United Church Will Seek to Bridge Racial Divide at OneRace Stone Mountain

Event to Echo Martin Luther King’s Call to ‘Let Freedom Ring’


STONE MOUNTAIN, Ga., July 17, 2018 Christians from a wide variety of racial, cultural and denominational backgrounds will unite Saturday, Aug. 25 for OneRace Stone Mountain, an event of worship and prayer for racial reconciliation that will begin with a climb to the top of the mountain.

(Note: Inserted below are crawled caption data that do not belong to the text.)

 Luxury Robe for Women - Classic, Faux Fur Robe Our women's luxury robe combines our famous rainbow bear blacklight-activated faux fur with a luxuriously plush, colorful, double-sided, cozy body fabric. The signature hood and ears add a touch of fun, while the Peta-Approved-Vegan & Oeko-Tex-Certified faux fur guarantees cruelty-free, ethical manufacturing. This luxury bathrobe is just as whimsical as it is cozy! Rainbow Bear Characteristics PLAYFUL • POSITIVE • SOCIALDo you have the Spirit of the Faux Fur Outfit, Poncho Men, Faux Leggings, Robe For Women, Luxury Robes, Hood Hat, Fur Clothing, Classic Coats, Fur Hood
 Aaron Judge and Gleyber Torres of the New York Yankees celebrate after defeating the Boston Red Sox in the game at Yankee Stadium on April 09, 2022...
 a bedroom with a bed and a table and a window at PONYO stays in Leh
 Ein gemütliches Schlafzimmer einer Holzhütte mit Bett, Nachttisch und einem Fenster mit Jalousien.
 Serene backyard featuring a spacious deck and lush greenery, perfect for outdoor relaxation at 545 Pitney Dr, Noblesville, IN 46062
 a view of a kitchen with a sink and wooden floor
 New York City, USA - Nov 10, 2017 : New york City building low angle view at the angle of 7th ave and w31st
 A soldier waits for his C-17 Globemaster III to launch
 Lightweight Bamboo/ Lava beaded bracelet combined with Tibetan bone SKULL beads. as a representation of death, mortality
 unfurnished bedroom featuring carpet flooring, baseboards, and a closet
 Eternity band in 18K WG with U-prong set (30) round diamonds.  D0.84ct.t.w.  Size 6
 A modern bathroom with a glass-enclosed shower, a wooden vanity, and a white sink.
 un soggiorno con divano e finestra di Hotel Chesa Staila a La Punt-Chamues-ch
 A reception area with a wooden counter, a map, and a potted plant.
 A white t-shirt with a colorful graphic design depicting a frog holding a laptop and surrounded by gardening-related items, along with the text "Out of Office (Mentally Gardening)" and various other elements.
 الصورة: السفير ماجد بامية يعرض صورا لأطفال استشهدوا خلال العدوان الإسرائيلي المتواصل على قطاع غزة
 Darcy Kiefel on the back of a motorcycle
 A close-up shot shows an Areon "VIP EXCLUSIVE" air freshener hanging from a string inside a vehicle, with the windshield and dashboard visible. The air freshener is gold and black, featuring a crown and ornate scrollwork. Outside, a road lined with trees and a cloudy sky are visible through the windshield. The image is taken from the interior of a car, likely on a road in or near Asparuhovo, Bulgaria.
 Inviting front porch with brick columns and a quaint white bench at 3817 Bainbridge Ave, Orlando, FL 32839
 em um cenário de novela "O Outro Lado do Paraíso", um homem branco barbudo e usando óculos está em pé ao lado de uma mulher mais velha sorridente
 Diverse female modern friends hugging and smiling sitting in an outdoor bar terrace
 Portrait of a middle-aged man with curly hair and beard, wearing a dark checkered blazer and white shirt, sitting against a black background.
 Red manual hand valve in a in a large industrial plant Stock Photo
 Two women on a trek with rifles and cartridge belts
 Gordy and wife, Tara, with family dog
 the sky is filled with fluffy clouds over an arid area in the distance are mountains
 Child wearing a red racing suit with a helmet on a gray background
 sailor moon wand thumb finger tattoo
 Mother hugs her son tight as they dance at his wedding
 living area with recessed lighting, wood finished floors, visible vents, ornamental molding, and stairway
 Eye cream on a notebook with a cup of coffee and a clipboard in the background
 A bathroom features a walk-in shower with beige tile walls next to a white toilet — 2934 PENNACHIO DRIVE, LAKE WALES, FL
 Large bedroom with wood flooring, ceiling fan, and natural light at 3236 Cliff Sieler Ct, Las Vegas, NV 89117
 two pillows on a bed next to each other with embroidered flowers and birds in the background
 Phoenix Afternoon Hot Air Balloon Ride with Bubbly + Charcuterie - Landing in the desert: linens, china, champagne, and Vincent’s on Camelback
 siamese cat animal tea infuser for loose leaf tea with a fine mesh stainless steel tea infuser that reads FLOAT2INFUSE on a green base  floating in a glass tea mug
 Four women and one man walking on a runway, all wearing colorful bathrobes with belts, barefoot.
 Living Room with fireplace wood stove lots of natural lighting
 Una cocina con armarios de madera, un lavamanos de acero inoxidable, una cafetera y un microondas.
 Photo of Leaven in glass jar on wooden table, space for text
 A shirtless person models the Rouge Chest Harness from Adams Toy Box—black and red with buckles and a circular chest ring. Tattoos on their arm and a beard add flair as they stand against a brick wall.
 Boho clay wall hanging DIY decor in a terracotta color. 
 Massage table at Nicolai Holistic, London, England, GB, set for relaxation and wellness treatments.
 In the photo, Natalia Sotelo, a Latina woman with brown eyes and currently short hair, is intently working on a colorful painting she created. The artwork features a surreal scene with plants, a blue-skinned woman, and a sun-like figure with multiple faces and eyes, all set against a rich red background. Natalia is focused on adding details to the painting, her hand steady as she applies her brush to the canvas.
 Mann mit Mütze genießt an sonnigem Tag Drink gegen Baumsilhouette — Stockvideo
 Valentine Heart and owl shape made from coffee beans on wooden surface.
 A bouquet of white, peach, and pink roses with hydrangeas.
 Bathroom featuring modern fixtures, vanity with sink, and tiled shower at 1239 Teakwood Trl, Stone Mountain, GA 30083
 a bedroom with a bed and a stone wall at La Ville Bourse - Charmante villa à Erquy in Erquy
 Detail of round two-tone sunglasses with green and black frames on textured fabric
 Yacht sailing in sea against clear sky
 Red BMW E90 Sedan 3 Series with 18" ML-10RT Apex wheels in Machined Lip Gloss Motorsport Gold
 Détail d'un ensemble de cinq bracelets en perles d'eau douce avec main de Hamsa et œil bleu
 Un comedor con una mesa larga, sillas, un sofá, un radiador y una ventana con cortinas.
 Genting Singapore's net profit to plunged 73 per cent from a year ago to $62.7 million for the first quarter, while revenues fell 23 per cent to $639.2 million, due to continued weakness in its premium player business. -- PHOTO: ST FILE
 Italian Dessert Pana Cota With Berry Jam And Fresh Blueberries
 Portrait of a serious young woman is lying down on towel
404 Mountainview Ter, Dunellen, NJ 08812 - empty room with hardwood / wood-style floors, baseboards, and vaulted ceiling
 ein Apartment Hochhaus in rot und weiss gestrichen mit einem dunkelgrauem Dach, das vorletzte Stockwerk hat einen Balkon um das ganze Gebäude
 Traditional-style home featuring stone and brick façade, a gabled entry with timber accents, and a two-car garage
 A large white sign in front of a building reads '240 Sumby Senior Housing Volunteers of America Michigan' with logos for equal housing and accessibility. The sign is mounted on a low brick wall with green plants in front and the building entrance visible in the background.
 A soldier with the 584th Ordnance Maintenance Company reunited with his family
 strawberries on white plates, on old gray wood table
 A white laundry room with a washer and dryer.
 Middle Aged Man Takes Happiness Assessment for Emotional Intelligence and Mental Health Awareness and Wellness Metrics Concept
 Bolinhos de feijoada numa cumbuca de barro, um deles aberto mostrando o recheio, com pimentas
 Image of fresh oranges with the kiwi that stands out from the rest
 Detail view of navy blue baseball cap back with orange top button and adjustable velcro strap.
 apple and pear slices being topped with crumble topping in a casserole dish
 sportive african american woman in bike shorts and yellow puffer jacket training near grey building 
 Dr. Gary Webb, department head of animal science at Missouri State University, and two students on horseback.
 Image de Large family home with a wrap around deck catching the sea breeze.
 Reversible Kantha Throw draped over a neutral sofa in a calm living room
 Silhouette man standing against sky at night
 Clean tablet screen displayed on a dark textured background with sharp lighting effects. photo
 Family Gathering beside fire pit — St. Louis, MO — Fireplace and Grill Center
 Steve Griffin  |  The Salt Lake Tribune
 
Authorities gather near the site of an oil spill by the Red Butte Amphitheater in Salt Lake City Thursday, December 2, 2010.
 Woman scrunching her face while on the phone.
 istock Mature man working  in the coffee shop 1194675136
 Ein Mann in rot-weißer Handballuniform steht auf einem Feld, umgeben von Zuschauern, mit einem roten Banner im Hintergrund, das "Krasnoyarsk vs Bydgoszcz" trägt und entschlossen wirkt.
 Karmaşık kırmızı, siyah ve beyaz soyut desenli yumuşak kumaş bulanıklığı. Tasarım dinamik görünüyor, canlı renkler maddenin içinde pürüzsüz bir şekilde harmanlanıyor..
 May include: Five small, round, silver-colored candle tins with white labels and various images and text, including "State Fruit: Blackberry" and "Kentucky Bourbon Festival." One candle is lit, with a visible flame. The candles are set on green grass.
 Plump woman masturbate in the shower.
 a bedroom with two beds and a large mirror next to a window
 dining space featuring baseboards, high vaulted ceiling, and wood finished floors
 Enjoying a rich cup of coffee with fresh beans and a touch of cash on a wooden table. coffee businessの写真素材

“God’s solution for a divided nation is a united church,” said Bishop Garland Hunt, senior pastor of The Father’s House in Norcross, Georgia, and co-executive director of the OneRace Movement.  “Although this event will be held outside Atlanta, we will have participants from around the South, and we hope it becomes a national movement.”


OneRace Stone Mountain strives to embody the nonviolent spirit of Martin Luther King. Almost exactly 55 years ago, on Aug. 28, 1963, he delivered his famous “I Have a Dream” speech on the steps of the Lincoln Memorial as part of the March on Washington.


In a classic refrain from the speech, King said “let freedom ring” from various locations around the country, including “Stone Mountain of Georgia.”


His mention of Stone Mountain was deeply symbolic. Although today it ranks as the top tourist attraction in Georgia, it was the site of the rebirth of the Ku Klux Klan in 1915.  The mountain, which rises 825 feet above the suburban Atlanta landscape, has huge carvings of Confederate leaders Jefferson Davis, Robert E. Lee and Stonewall Jackson on its face.


“We’re inviting people to take a stand for Christian unity and against racism,” said Billy Humphrey, co-executive director of the OneRace Movement and director of Atlanta’s International House of Prayer. "If the church doesn't take its rightful place and deal with these issues, someone else will.”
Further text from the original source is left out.